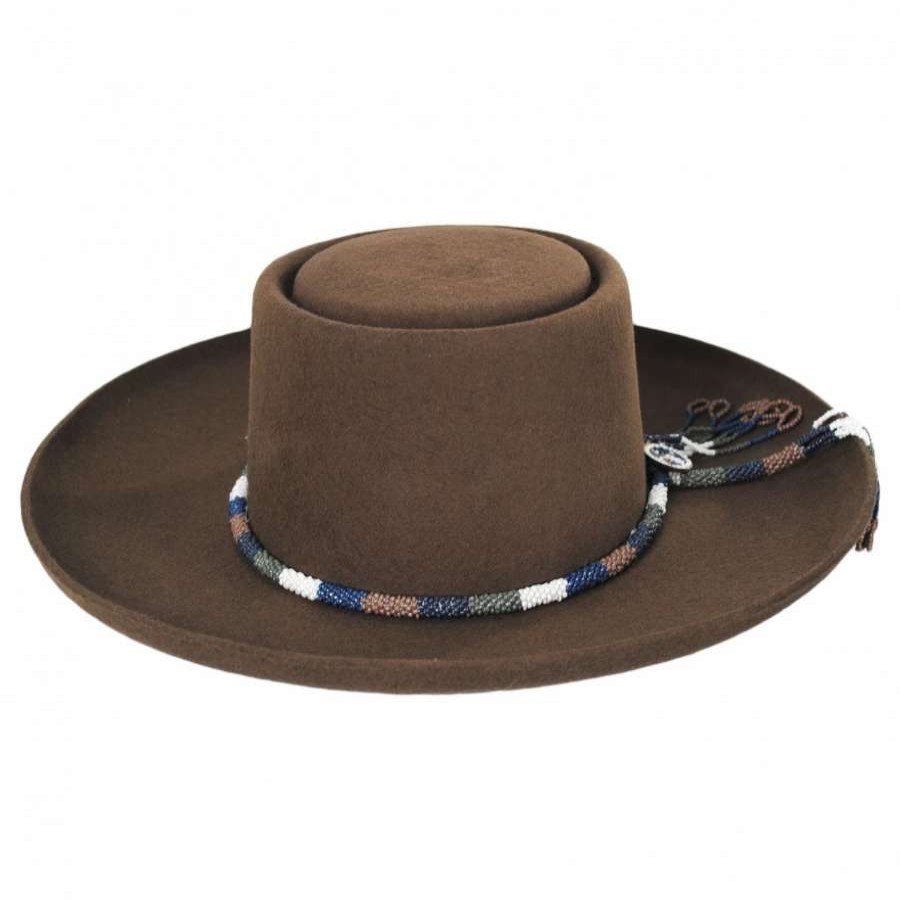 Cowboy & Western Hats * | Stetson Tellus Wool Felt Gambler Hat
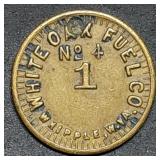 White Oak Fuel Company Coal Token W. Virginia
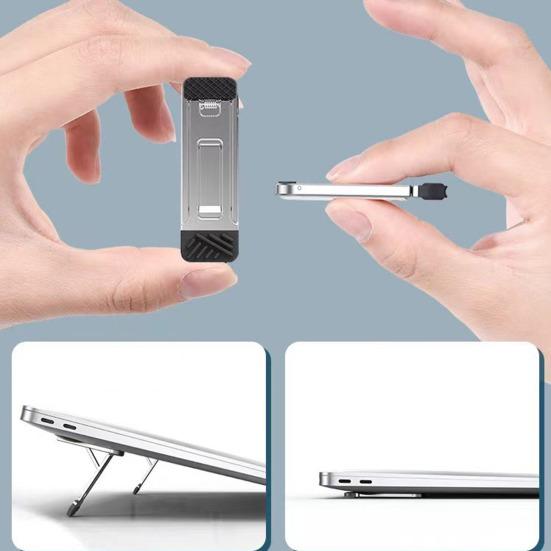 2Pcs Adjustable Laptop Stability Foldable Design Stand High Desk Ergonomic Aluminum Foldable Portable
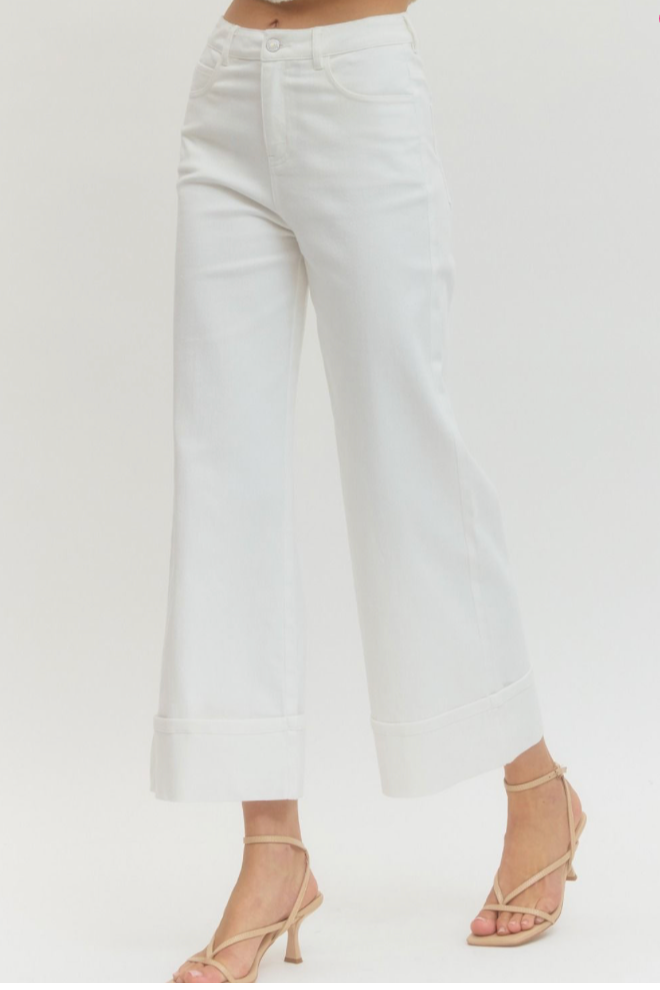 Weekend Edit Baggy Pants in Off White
___
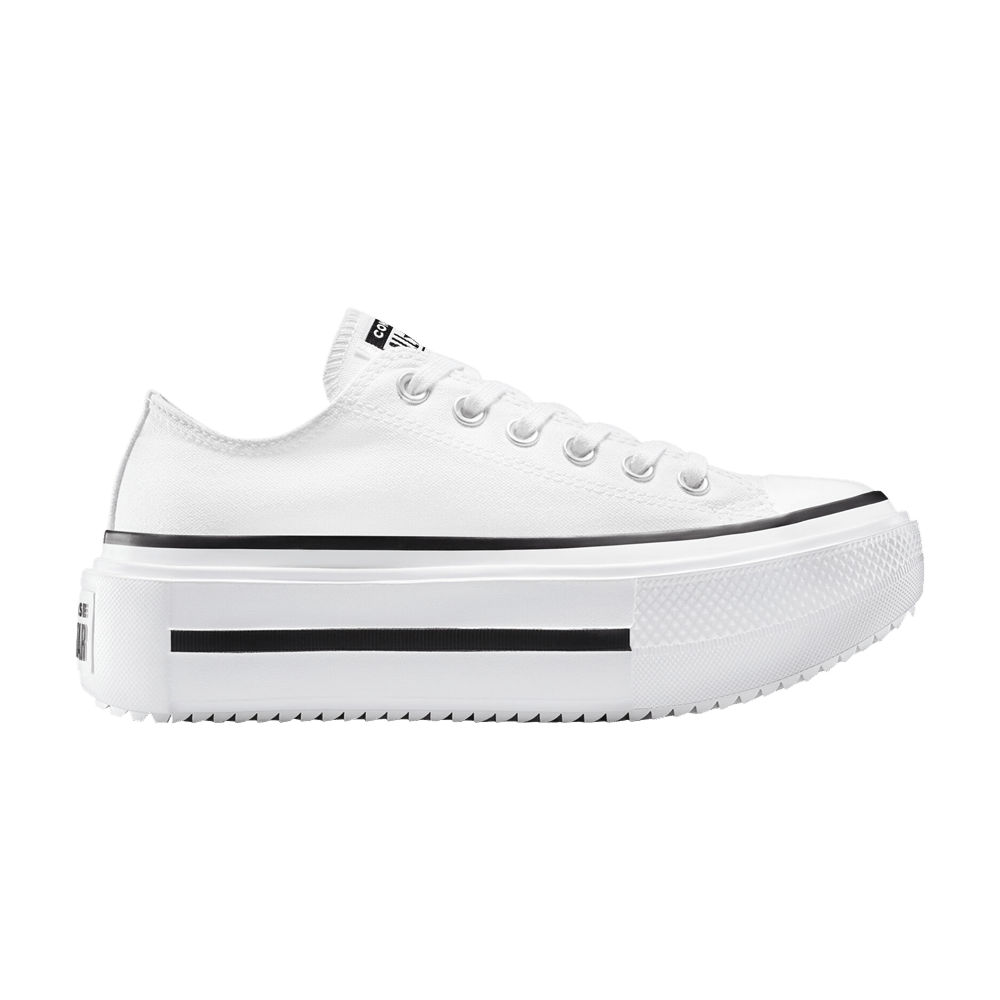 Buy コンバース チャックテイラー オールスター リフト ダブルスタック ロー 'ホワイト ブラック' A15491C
___
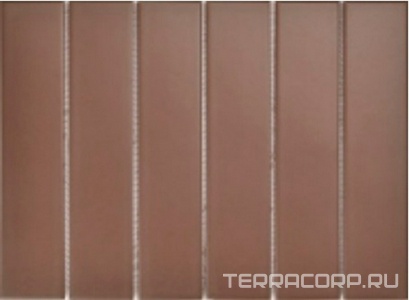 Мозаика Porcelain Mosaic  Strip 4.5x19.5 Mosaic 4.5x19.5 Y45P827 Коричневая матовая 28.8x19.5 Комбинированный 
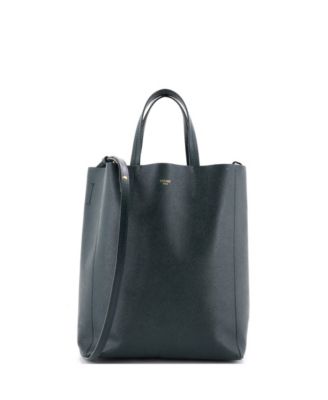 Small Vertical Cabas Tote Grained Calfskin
___
What you have to do:
Go back to the listing above and reproduce, exactly, the stretch from the line bearing "Мозаика Porcelain Mosaic" through the line bearing "Small Vertical Cabas Tote Grained Calfskin", without its pictures.

Response to the task:
 Мозаика Porcelain Mosaic  Strip 4.5x19.5 Mosaic 4.5x19.5 Y45P827 Коричневая матовая 28.8x19.5 Комбинированный 
 Small Vertical Cabas Tote Grained Calfskin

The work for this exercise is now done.